Specifically, a “typical” day for you as a writer (if there is one) would be pretty cool. What I am interested in personally though is how you go about writing your stories. Are you outline-heavy at the beginning? How often do you edit yourself as you are writing? (not necessarily grammar and sentence structure…but instead plot and character development, scene transitions, etc.)
My typical day starts at 6:30 with a bowl of cereal. I check my email and read any new Amazon reviews. I peek at Goodreads to see if anything there requires my attention. By the time I’m done with my cereal, I’m ready to start writing.
My manscripts stay open all the time, and I never turn my Macbook Air off until it seizes and I have to do a hard-reset. Swiping three fingers over to the left brings up one of my works. I currently have four that I’m working on.
I try to end each writing session in the middle of a piece of dialog or during some bit of action. It makes picking up the next day far easier. Stopping at the conclusion of a chapter is poison. Never check your email or do anything at the end of a chapter. It’s like parking a rig on an upslope. In fact, writing a manuscript is easier if you pretend you have no reverse gear at all. It makes you seriously consider where you leave the thing. Always keep a quick and easy escape for when you buckle back in.

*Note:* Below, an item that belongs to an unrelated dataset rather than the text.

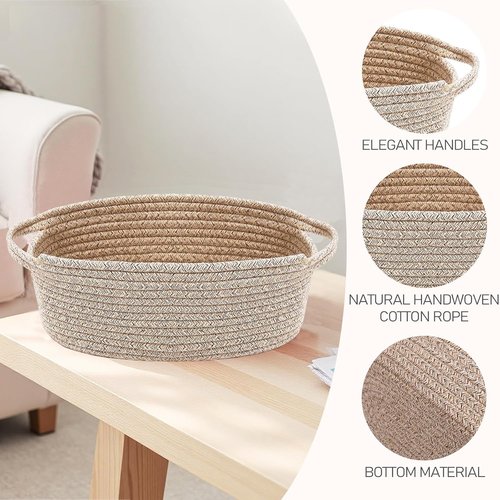 JMvicyroam Woven Storage Baskets - Small Rope Bins with Handles for Organizing Shelves & Closets | 2-Pack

I aim for 2,000 words a day when I’m writing. While revising, I don’t keep count. I need far less self-motivation when revising. I can do it all day. I start with a general idea of my story and characters (daydreamed and memorized). Then I’ll make a list of scenes, which become my chapters. I type these out and arrange them, and then I start at the beginning and just write as loosely as I can.
I very rarely revise while I write. I only do this when I feel stuck or bored with the story. I’ll go back and read/revise from the beginning to “get back into the book again.” This often comforts me by seeing that some part of the work is decent, and I up my game moving forward. I stagger back and forth like this sometimes when I get near the end of a work. Satisfying conclusions are always the hardest for me (this might be true for most writers. I suspect it is).
If you’re like me, ideas for stories almost pop out of nowhere… That isn’t the problem… the problem I have is the confidence to go on with that idea. Second guessing and self-doubt plague me during the whole process. Do you have the same type of issues? And if so, what helps you to push on?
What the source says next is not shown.